Elle avait soulevé le rideau et le regardait avec une expression bienveillante.

« Madame Zhou. » Gu Kaiyuan se tenait sur le côté et la salua respectueusement. Enfant, il avait rendu visite à la famille Zhou avec sa mère, donc il se souvenait encore de madame Zhou.

« Ne forcez pas les choses qui ne peuvent pas être forcées. Je trouve que votre femme est très bien. Vivre votre propre vie paisible est ce qui compte le plus. » Madame Zhou semblait se souvenir de quelque chose, et de la peine apparut dans ses yeux.

Gu Kaiyuan : « Merci pour votre enseignement, madame. Je le ferai. »

Un fils de la famille Zhou et deux belles-filles étaient assis dans la charrette, ainsi que plusieurs enfants qui le regardaient avec curiosité. Ils hochèrent la tête vers Gu Kaiyuan de manière amicale.

Le deuxième fils de la famille Gu, qui menait le bœuf à l'avant, jeta un coup d'œil en arrière. Quand il vit que c'était Gu Kaiyuan, il ne lui prêta aucune attention.

« Écoutez cette vieille femme. Vous devriez vous éloigner de certaines personnes et prendre votre décision tôt. N'attendez pas qu'elles vous aient fait du mal, à vous et à votre famille. »

Gu Kaiyuan connaissait les affaires de la famille Zhou et ressentait de la répulsion pour les gens qui parlaient de bienveillance et de moralité tout en restant perfides et vils à l'intérieur.

Cette vieille madame de la famille Zhou était aussi une victime d'une alliance matrimoniale.

Elle possédait les vertus raffinées d'une jeune fille noble, pourtant ce n'est qu'à la vieillesse qu'elle vit à travers la nature humaine.

Ses mots suggéraient que seigneur Zhou, Zhou Gang, lui avait brisé le cœur complètement.

Heureusement, les deux fils qu'elle avait élevés étaient pieux et ne l'avaient pas laissée souffrir en chemin.

« Gu Kaiyuan, tu n'arrives toujours pas à te détacher de tes parents et de tes frères, n'est-ce pas ? » demanda curieusement le troisième fils Zhou Fan. « Nous avons pris plaisir à regarder les affaires de votre famille ces derniers jours. Si vous voulez grimper, vous feriez mieux de le faire vite. Sinon, une fois que votre famille Gu trouvera un puissant protecteur, ils pourraient vous oublier entièrement. »

Madame Zhou lui tapa dans le dos. « Va, gamin indocile, qu'est-ce que tu racontes ?

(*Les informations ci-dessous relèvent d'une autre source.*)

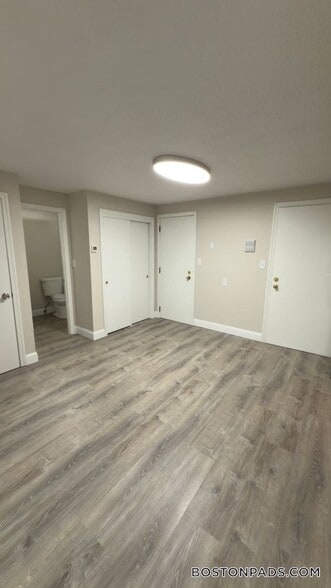 Building Photo - 24 Ridgewood Ln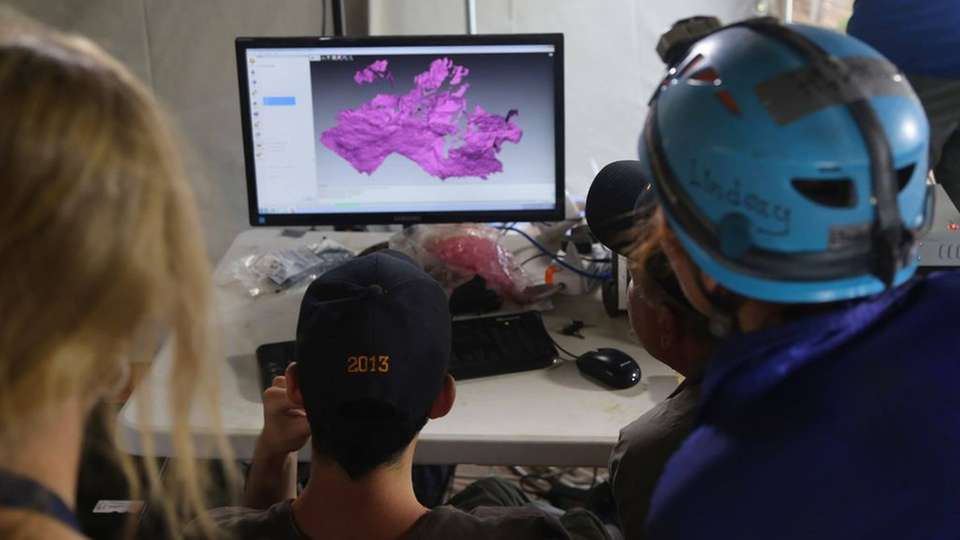  Während der Ausgrabungen sieht das Team zu, wie die 3D-Scans von der Software gerendert werden. Mit diesen Scans werden die Ausgrabungen dokumentiert.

C'est comme ça que ta mère t'a appris ? »

« Mère, je lui rappelle gentiment. Regarde, même le troisième prince est venu rendre visite à une résidence. Et regarde la façon dont la madame de la famille Gu et le troisième prince échangent des regards. Maintenant ils sont ensemble dans la caisse de la charrette en plein jour. Peut-être ont-ils déjà accompli quelque chose… »

« Sifflement… » Zhou Fan se couvrit la taille en hâte. Sa femme avait frappé fort ; il aurait probablement un gros bleu maintenant.

« Ne parle pas sans retenue. » Madame Zhou regarda Gu Kaiyuan avec apologie. « Garçon de la famille Gu, ne prends pas au sérieux ce gamin indocile. Il a toujours eu la langue trop pendue. »

« Notre famille a fait un spectacle d'elle-même. » Gu Kaiyuan s'arrêta de marcher et augmenta la distance entre lui et la charrette à bœufs.